29th January 2016 – Napalm Records
01. Throne of Fire
03. Wrath Gauntlet
05. Every Man is an Enemy
Conan, champions of tinnitus-inducing capital-D Doom and darlings of the UK scene, are noisy, messy and belligerent. They’re are at a stage of their career where, having defined their sound, they’re are in a position to develop and enhance it. With the help of a change in personnel and the strength of new album Revengeance, they have succeeded and helped to solidify their status in the scene at the same time.
Conan are one of the most satisfying bands in recent history, largely due to the fact that they fit into a narrative of ‘extreme’ music which fits very comfortably with what draws a lot of metal fans to the genre in the first place. Before I’d ever heard their music I remember a friend enthusiastically telling me about a band that played through an obscene amount of amps, the effect of which everyone agreed was the most cathartic experience of their lives.
This dedication to sound quality with no regard to local noise pollution regulations is in keeping with a current hunger for doom, sludge and some off-the-beaten-track metal in the UK, with the rise of festivals like Desertfest and the unfuckwithable Temples. The everything-louder-than-everything-else philosophy may not be new, but Conan’s application to doom at such a perfect time is a shrewd creative decision and one that’s helped them build both a strong identity and a devoted fanbase.
One of the most significant changes on Revengeance is in the rhythm department. Since Blood Eagle they’ve added drummer Rich Lewis, who makes an incredible LP debut adding not only deft, tasteful(!) fills to longer jams like album closer “Earthenguard“, but also an absolutely ferocious blastbeat(!!) to opening single and title track “Revengeance“.

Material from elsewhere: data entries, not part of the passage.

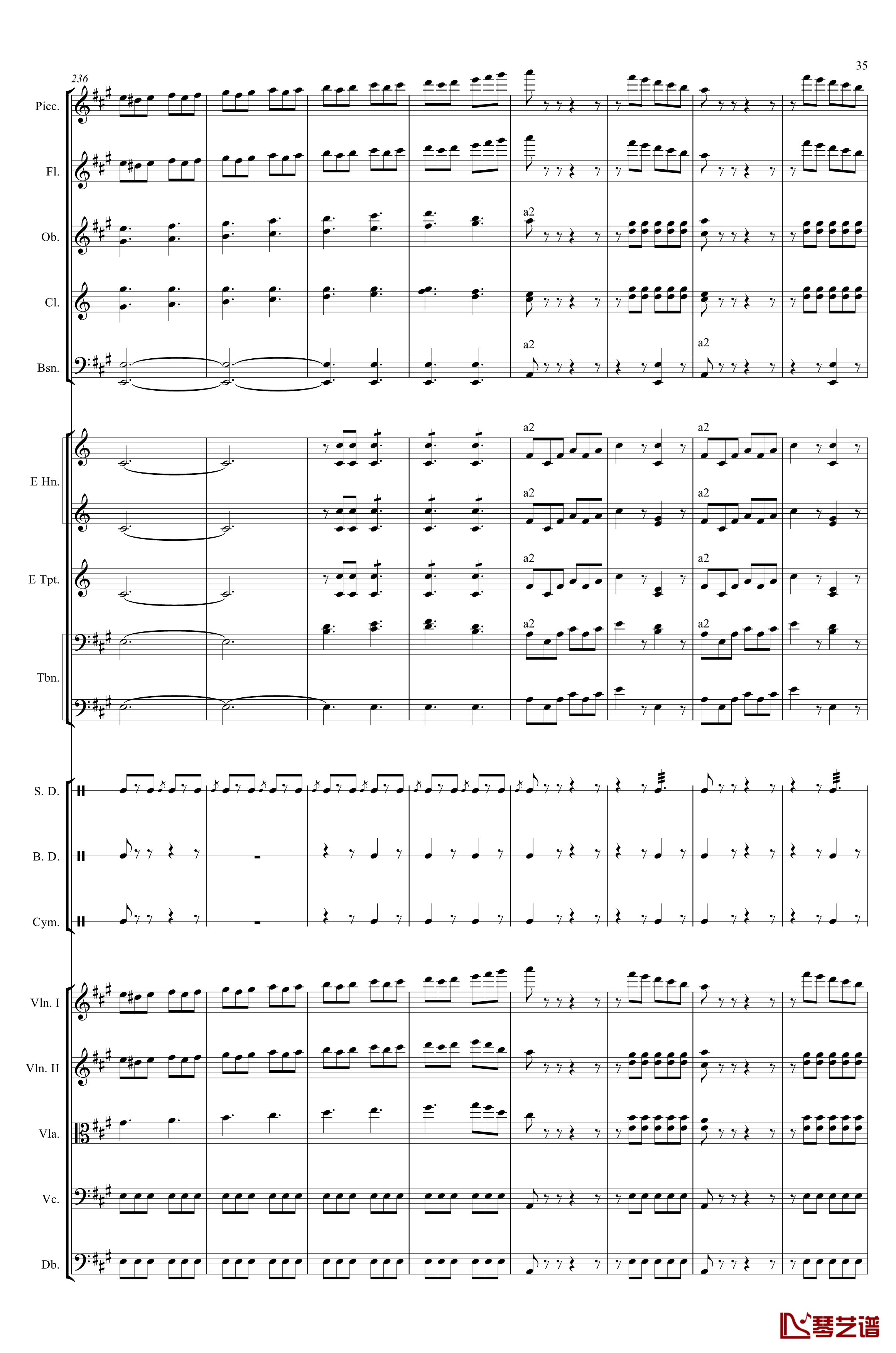 轻骑兵序曲钢琴谱-Franz von Suppe35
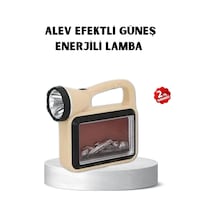 Güneş Enerjili Alev Efektli Lamba Cob Led Su Geçirmez Semeglbl - 77 Çok Fonksiyonlu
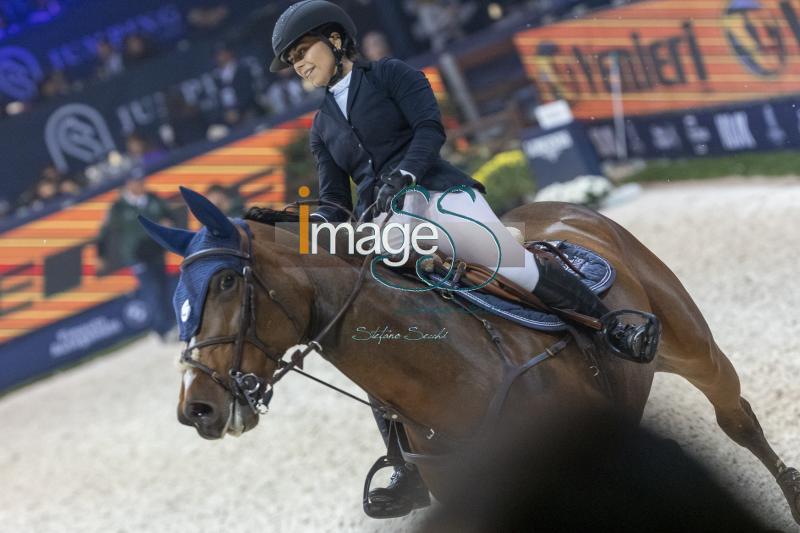 Pezzoli Clara (ITA) riding Fantasia de Beaufour_Verona_20241109_SS359272.jpg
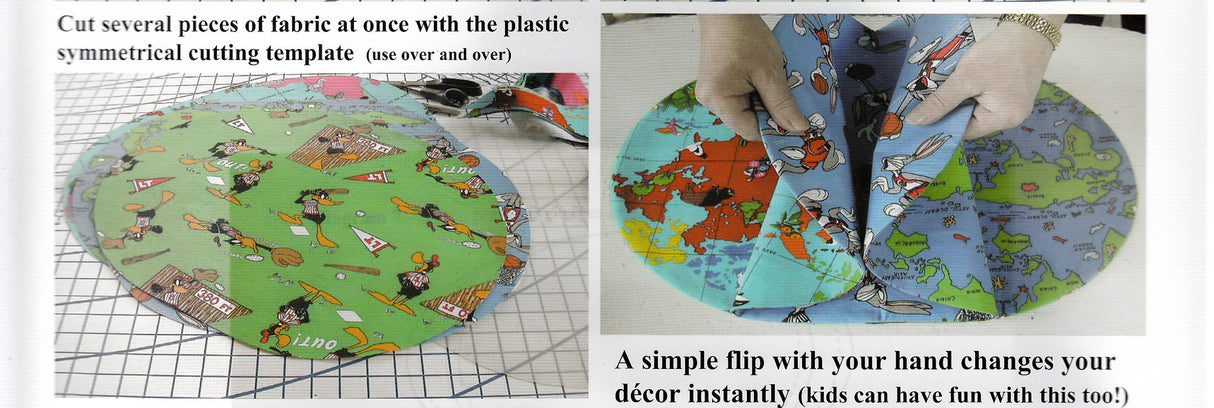 Several Settings 4-Sided Placemat Pattern & Template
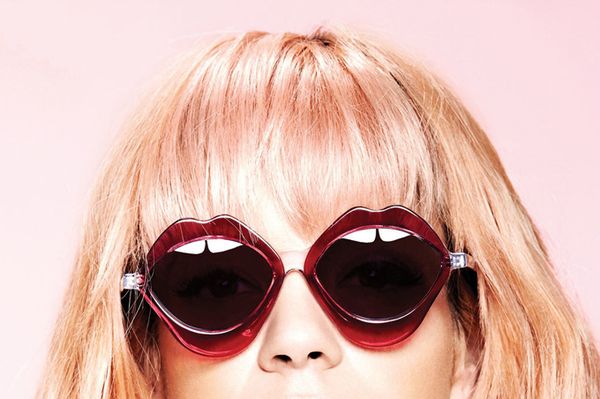 Lily Allen, the Girl Behind the Glasses’ of House of Holland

It’s hard to think of bands like Conan particularly in terms of songwriting when a Conan album or live show is so focused on pure catharsis, but Revengeance has taken a significant step up. I was a huge fan of Blood Eagle and whilst I remembered cuts like “Foehammer” because they dropped a video for it, tracks like “Throne of Fire” and “Every Man is an Enemy” stick out as better-structured, better-realised songs. Significantly, Conan have matured their sound without losing focus or intensity; even the aforementioned 12-minute “Earthenguard” comes across as a cohesive effort rather than a shapeless jam.
Elsewhere on the album, Conan continue doing what’s served them so well in the first place: Jonathan Davies sounds like he’s shouting at you from the bottom of a well; the guitar and bass tones are thunderous, glacial; the riffs are positively tectonic; and they’ve continued the Robert L Howard themes from previous albums, balancing being suitably evocative whilst completely avoiding being as ridiculous as fantasy metal so frequently is. Revengeance is very big and very loud and if these are qualities you look for in music then you will be over the moon.
I may never stop singing the praises of underground UK doom. Monolithian, Bossk, The Drowning, My Silent Wake, Grey Widow – all are bands making ferocious noises – and the continued popularity of acts like Conan helps encourage an atmosphere where fantastic bands like these can find the audience they deserve. Conan are an important band and Revengeance is their strongest material to date; an album to be enjoyed drenched in the blood of your enemies whilst wondering if the tinnitus is permanent.